The Hendersons were probably members of the Seceders (Associate Presbyterian Church). This speculation is made based on the fact that the next generation of Henderson did not attend the Covenanter Church which was the closest Presbyterian church to them, but helped found the West Union church, which was affiliated with the Associate Reformed Presbyterian Church (which in 1782 was formed to combine the Seceders and Covenanters).
The History of Indiana County, PA, 1745-1880, published by J. A. Caldwell, Newark, OH, 1880, lists the names of their nine children. Unfortunately, it provides no dates and lists first the boys and then the girls, so even their birth order is uncertain.
No written documentation has been found to indicate from where or when the Henderson family left Ireland or whether or not they all came at the same time. Family tradition, however, tells that the family left together from Londonderry, spent sixteen weeks crossing the Atlantic, and landed in Philadelphia probably in 1896 or 1897. Since we know that Robert and his son Alexander were naturalized as citizens, the family could not have arrived before March 4, 1789, the date that the United States Constitution took effect.

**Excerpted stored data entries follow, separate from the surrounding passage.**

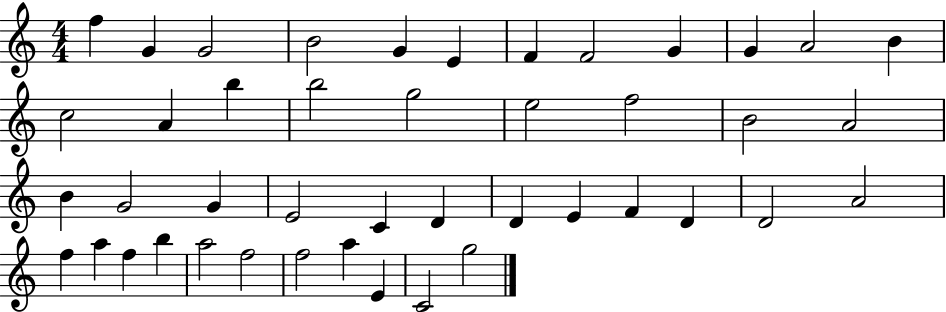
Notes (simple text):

F5/q G4/q G4/h B4/h G4/q E4/q F4/q F4/h G4/q G4/q A4/h B4/q C5/h A4/q B5/q B5/h G5/h E5/h F5/h B4/h A4/h B4/q G4/h G4/q E4/h C4/q D4/q D4/q E4/q F4/q D4/q D4/h A4/h F5/q A5/q F5/q B5/q A5/h F5/h F5/h A5/q E4/q C4/h G5/h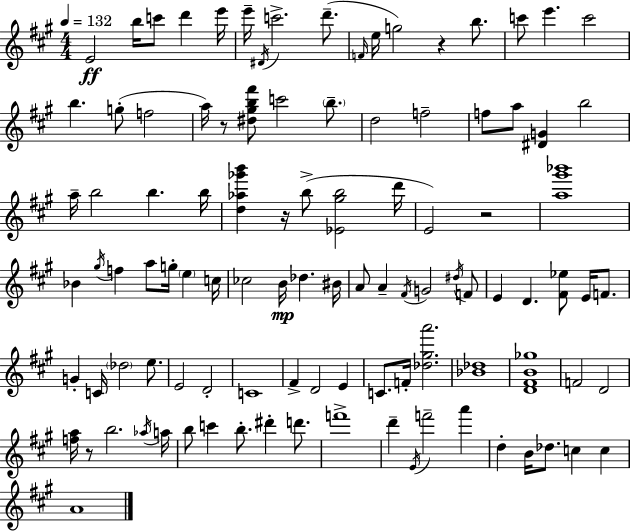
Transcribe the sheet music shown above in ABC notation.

X:1
T:Untitled
M:4/4
L:1/4
K:A
E2 b/4 c'/2 d' e'/4 e'/4 ^D/4 c'2 d'/2 F/4 e/4 g2 z b/2 c'/2 e' c'2 b g/2 f2 a/4 z/2 [^d^gb^f']/2 c'2 b/2 d2 f2 f/2 a/2 [^DG] b2 a/4 b2 b b/4 [d_a_g'b'] z/4 b/2 [_E^gb]2 d'/4 E2 z2 [a^g'_b']4 _B ^g/4 f a/2 g/4 e c/4 _c2 B/4 _d ^B/4 A/2 A ^F/4 G2 ^d/4 F/2 E D [^F_e]/2 E/4 F/2 G C/4 _d2 e/2 E2 D2 C4 ^F D2 E C/2 F/4 [_d^ga']2 [_B_d]4 [D^FB_g]4 F2 D2 [fa]/4 z/2 b2 _a/4 a/4 b/2 c' b/2 ^d' d'/2 f'4 d' E/4 f'2 a' d B/4 _d/2 c c A4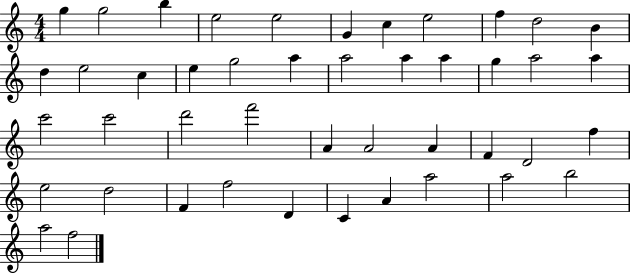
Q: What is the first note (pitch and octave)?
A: G5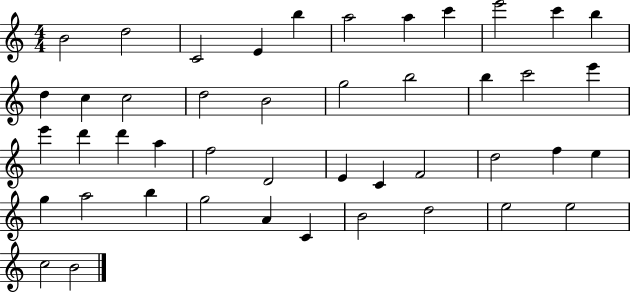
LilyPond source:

{
  \clef treble
  \numericTimeSignature
  \time 4/4
  \key c \major
  b'2 d''2 | c'2 e'4 b''4 | a''2 a''4 c'''4 | e'''2 c'''4 b''4 | \break d''4 c''4 c''2 | d''2 b'2 | g''2 b''2 | b''4 c'''2 e'''4 | \break e'''4 d'''4 d'''4 a''4 | f''2 d'2 | e'4 c'4 f'2 | d''2 f''4 e''4 | \break g''4 a''2 b''4 | g''2 a'4 c'4 | b'2 d''2 | e''2 e''2 | \break c''2 b'2 | \bar "|."
}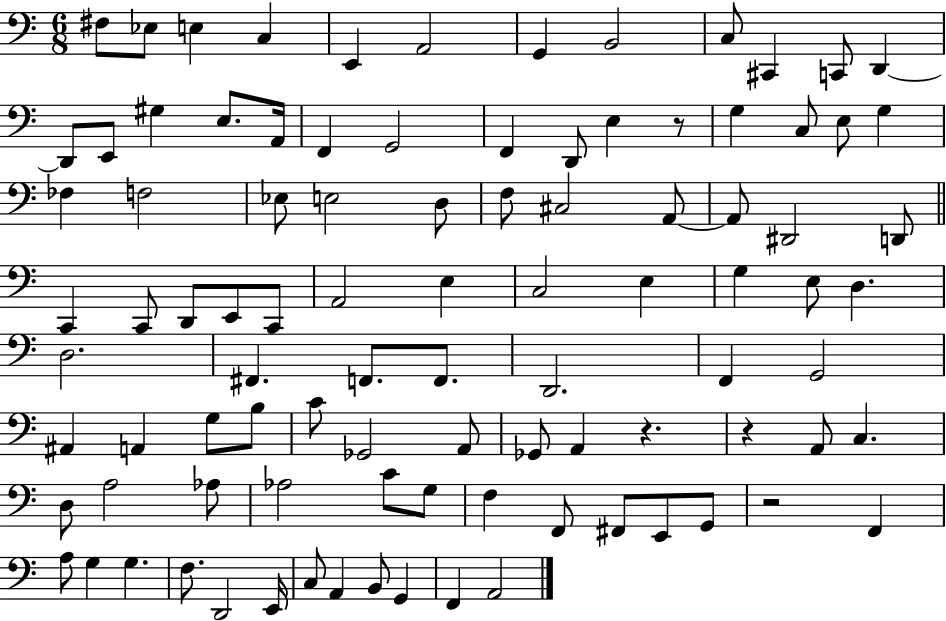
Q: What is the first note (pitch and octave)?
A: F#3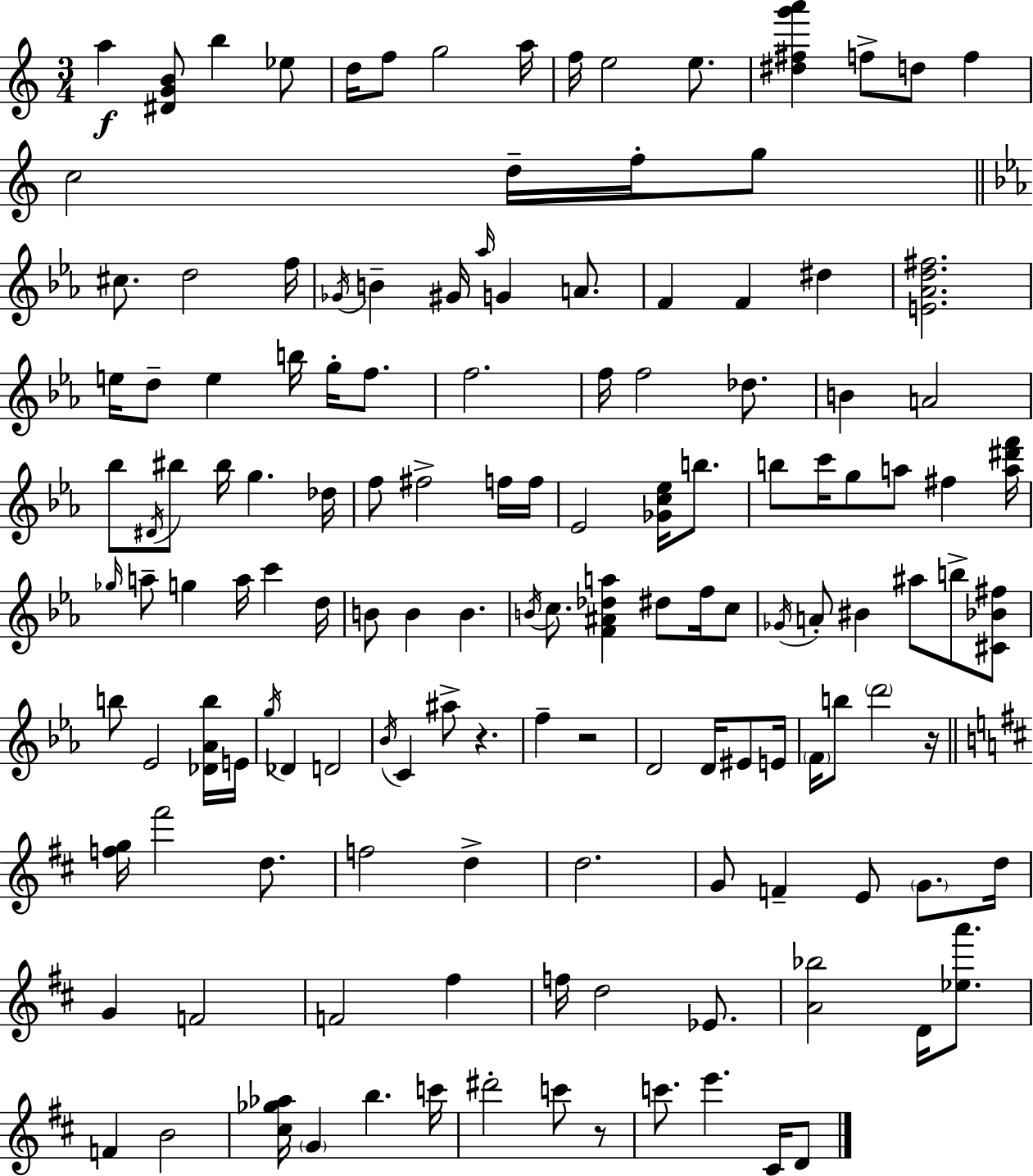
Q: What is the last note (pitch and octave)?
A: D4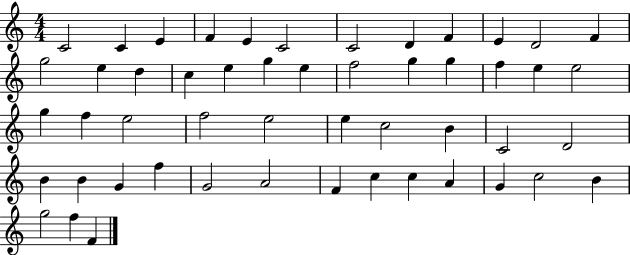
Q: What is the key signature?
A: C major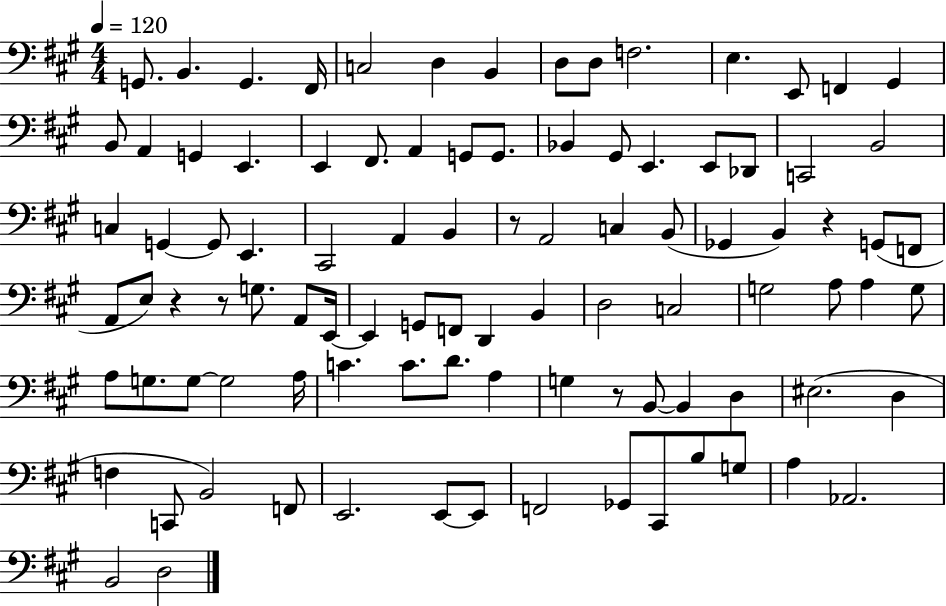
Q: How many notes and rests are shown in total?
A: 96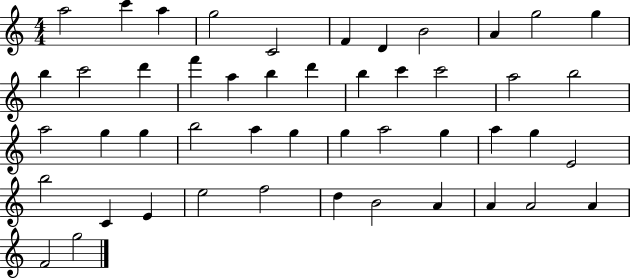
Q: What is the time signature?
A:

Information provided in Caldwell's History of Indiana County (1880) is inexact: "Alexander Henderson was a son of Robert and Mary, nee Ralston, natives of Ireland, who settled about 1796 on what is now the Frank Cribbs farm, Young Township." Records provided by Harry Danner Henderson of Potosi, WI (original source unknown) indicate that two of Robert and Mary's sons, John and Robert, Jr., sailed to America on March 26, 1797, the day after John married Letitia Fullerton, and settled in Conemaugh Township (Saltsburg area of Indiana County). A confused record in The History of Marion County Ohio (1883), indicates that David Henderson, [oldest son of Robert and Mary Ann], and his wife, Elizabeth (Orr) Henderson, "natives of County Tyrone, Ireland, ... emigrated to America in 1791, settling at Shippensburg, Penn., early pioneers. Later, they came to Clarksburg, Ind[iana County, Penn.], remaining a number years, thence came to Marion County, but he died in Delaware, Ohio, in 1834, aged eighty-seven years." Researchers Scott & Kathryn Ives point out that David's dates are probably wrong, since if the Marian History is accurate, he would be a quarter of a century older than the next of his siblings. If the birth date is wrong, the emigration date must also be held in question. However, if either of these two latter accounts is accurate, members of the Henderson family might have traveled across the Atlantic separately over the course of a decade.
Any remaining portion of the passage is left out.